* EXERCISE DIRECTIONS
Set down every record below exactly as it appears, but without the pictures.

::: RECORDS TO USE :::

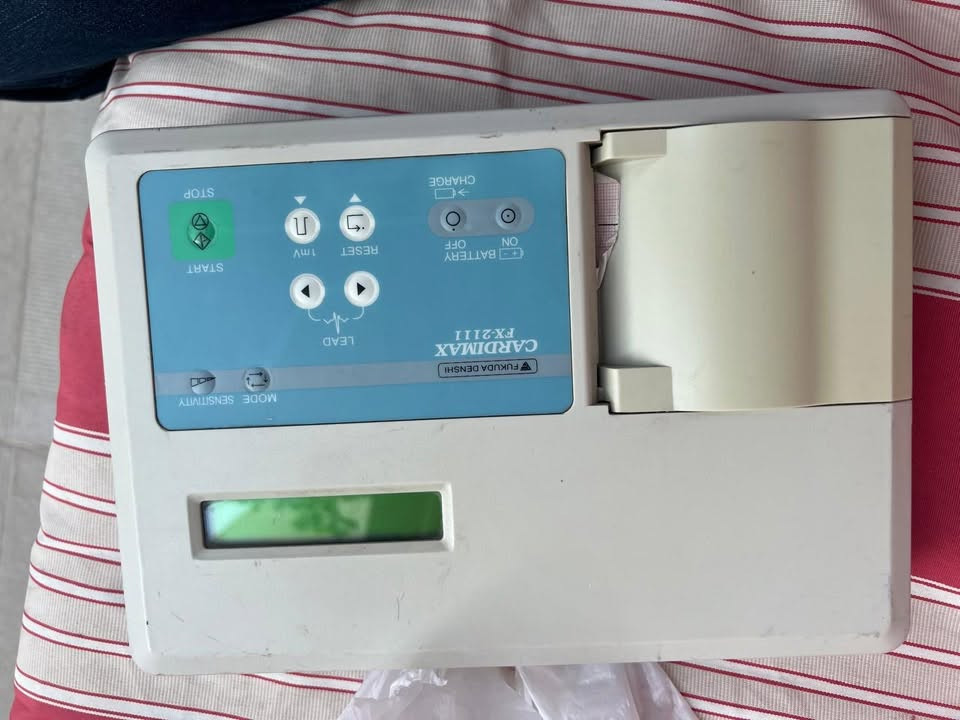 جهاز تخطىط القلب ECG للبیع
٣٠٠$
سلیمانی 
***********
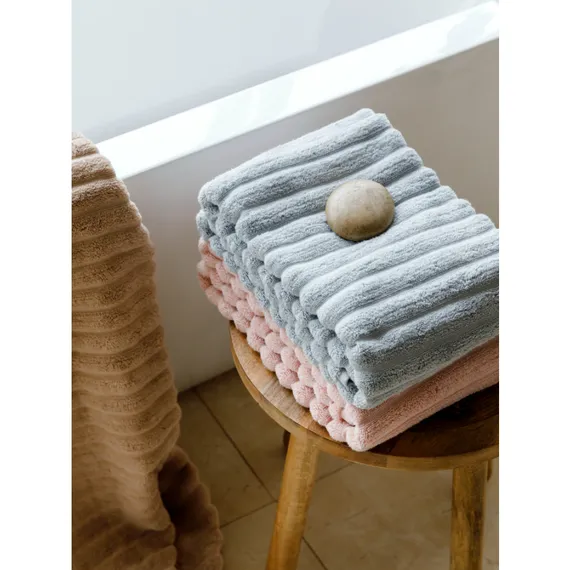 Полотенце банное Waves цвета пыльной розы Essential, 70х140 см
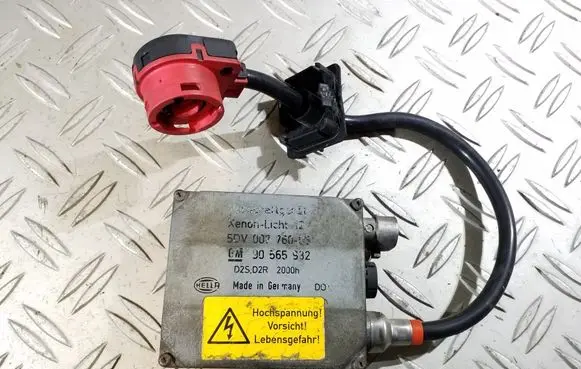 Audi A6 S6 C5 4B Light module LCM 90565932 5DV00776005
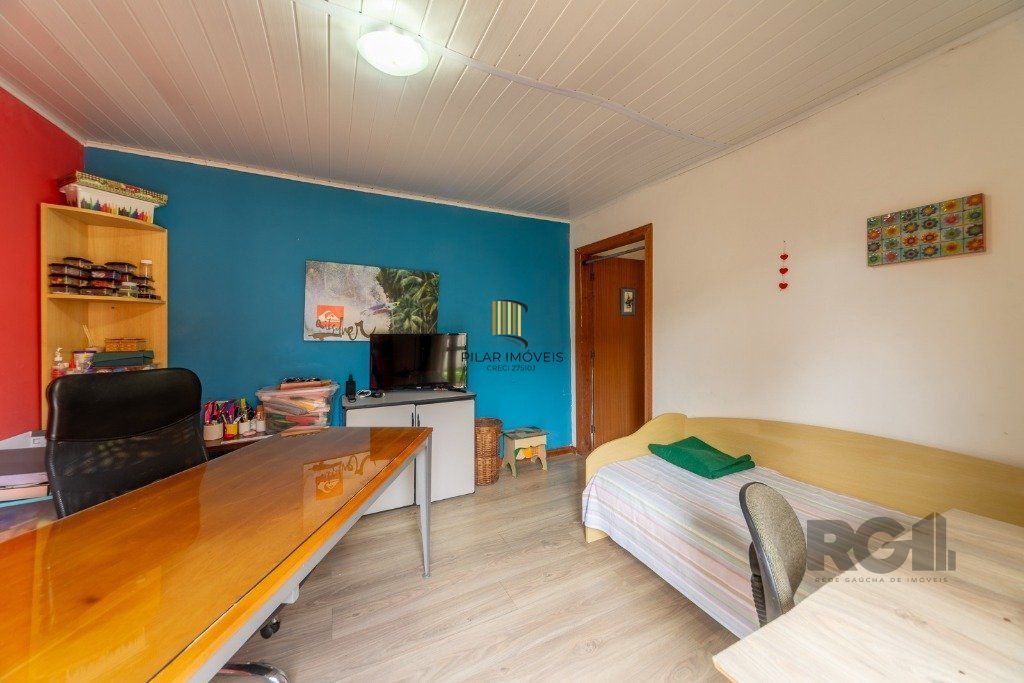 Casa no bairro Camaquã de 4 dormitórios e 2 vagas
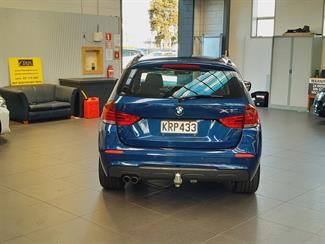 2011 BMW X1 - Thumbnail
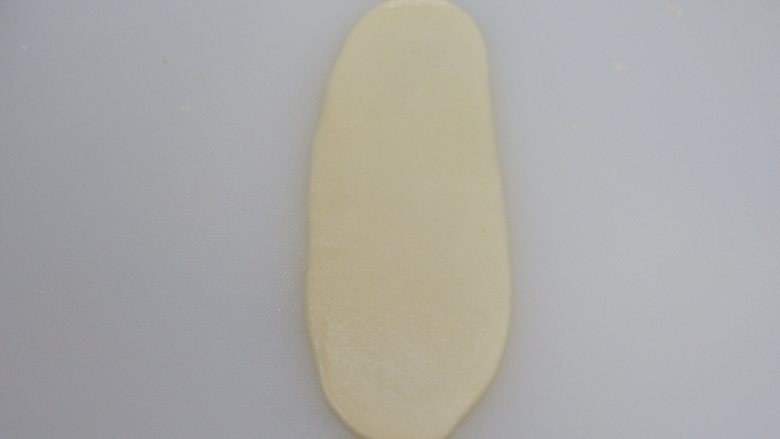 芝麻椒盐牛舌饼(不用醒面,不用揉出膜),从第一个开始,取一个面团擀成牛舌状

:::

* TASK RESPONSE
 جهاز تخطىط القلب ECG للبیع
٣٠٠$
سلیمانی 
***********
 Полотенце банное Waves цвета пыльной розы Essential, 70х140 см
 Audi A6 S6 C5 4B Light module LCM 90565932 5DV00776005
 Casa no bairro Camaquã de 4 dormitórios e 2 vagas
 2011 BMW X1 - Thumbnail
 芝麻椒盐牛舌饼(不用醒面,不用揉出膜),从第一个开始,取一个面团擀成牛舌状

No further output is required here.